WHAT YOU NEED TO DO: Extract the lines from the first one in the records below through the line containing "Hello everyone, welcome", keeping both ends and leaving out any pictures.

Saved entries:
----------

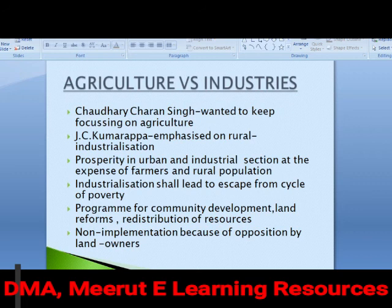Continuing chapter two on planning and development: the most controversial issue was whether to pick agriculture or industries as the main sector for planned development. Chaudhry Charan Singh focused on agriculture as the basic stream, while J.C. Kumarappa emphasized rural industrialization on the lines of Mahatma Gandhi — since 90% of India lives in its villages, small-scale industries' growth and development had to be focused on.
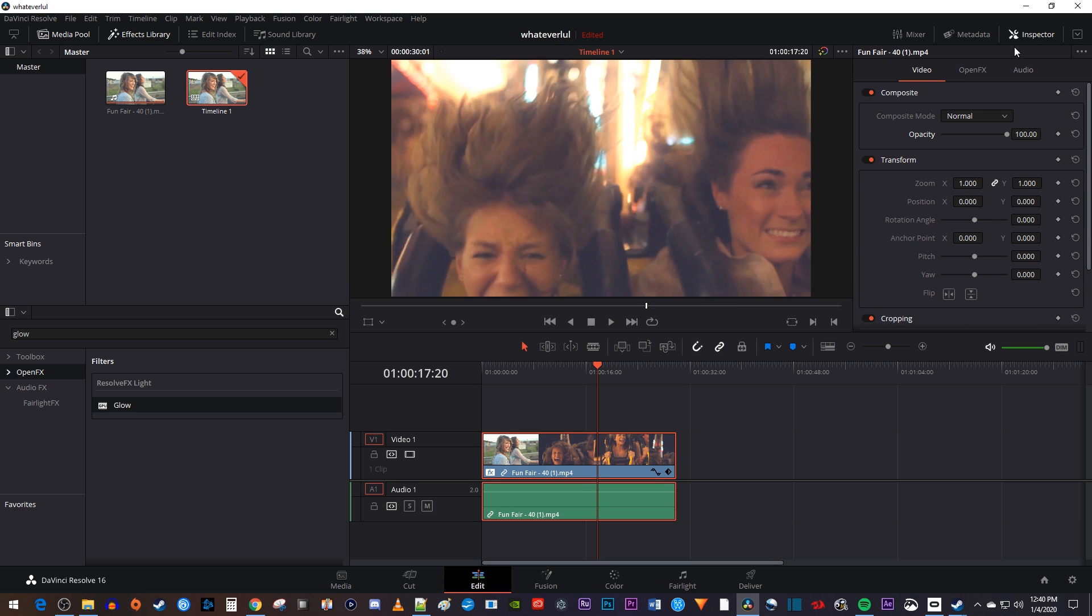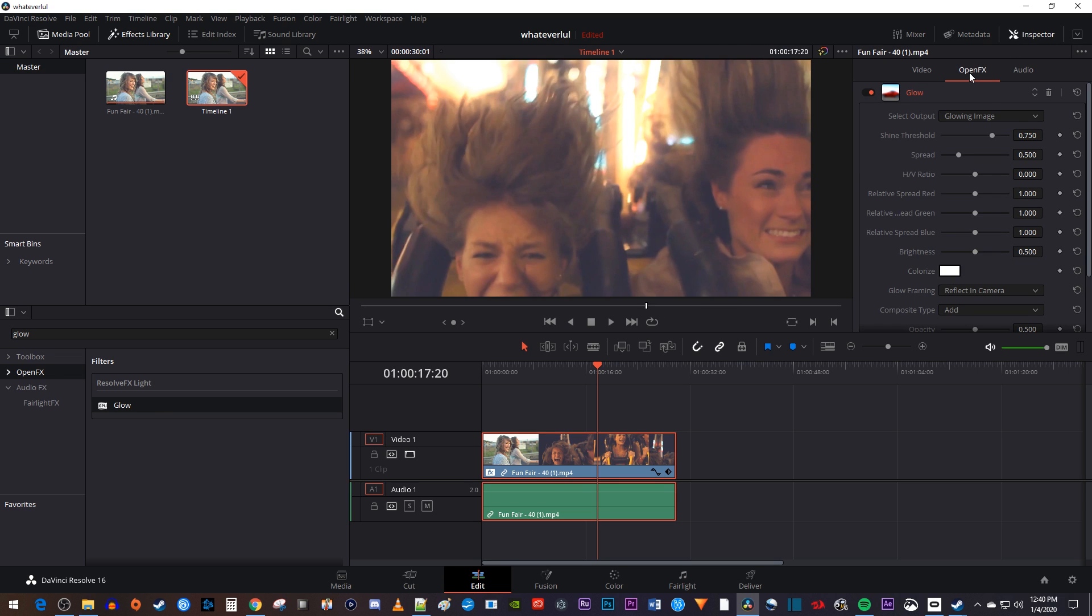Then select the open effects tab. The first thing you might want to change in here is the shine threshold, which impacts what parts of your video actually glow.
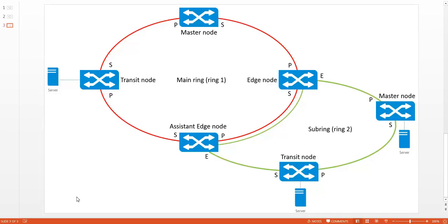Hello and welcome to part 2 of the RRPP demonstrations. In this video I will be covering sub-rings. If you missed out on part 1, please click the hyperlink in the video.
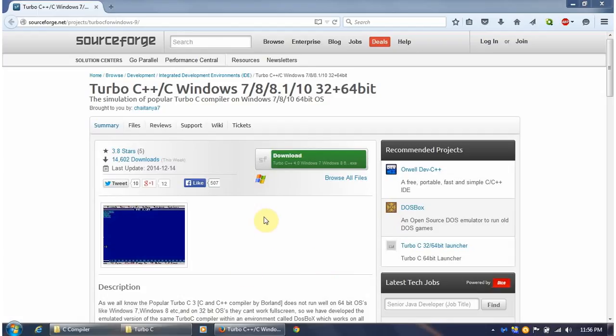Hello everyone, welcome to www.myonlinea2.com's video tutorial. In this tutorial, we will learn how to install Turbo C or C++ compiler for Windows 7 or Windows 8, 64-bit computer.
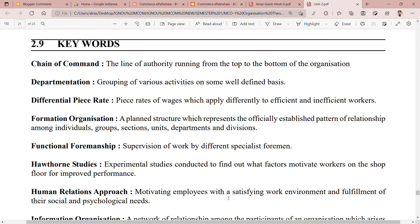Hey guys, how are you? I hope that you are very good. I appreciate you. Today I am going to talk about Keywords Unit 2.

----------

THE COMPLETED TASK:
Continuing chapter two on planning and development: the most controversial issue was whether to pick agriculture or industries as the main sector for planned development. Chaudhry Charan Singh focused on agriculture as the basic stream, while J.C. Kumarappa emphasized rural industrialization on the lines of Mahatma Gandhi — since 90% of India lives in its villages, small-scale industries' growth and development had to be focused on.
Then select the open effects tab. The first thing you might want to change in here is the shine threshold, which impacts what parts of your video actually glow.
Hello and welcome to part 2 of the RRPP demonstrations. In this video I will be covering sub-rings. If you missed out on part 1, please click the hyperlink in the video.
Hello everyone, welcome to www.myonlinea2.com's video tutorial. In this tutorial, we will learn how to install Turbo C or C++ compiler for Windows 7 or Windows 8, 64-bit computer.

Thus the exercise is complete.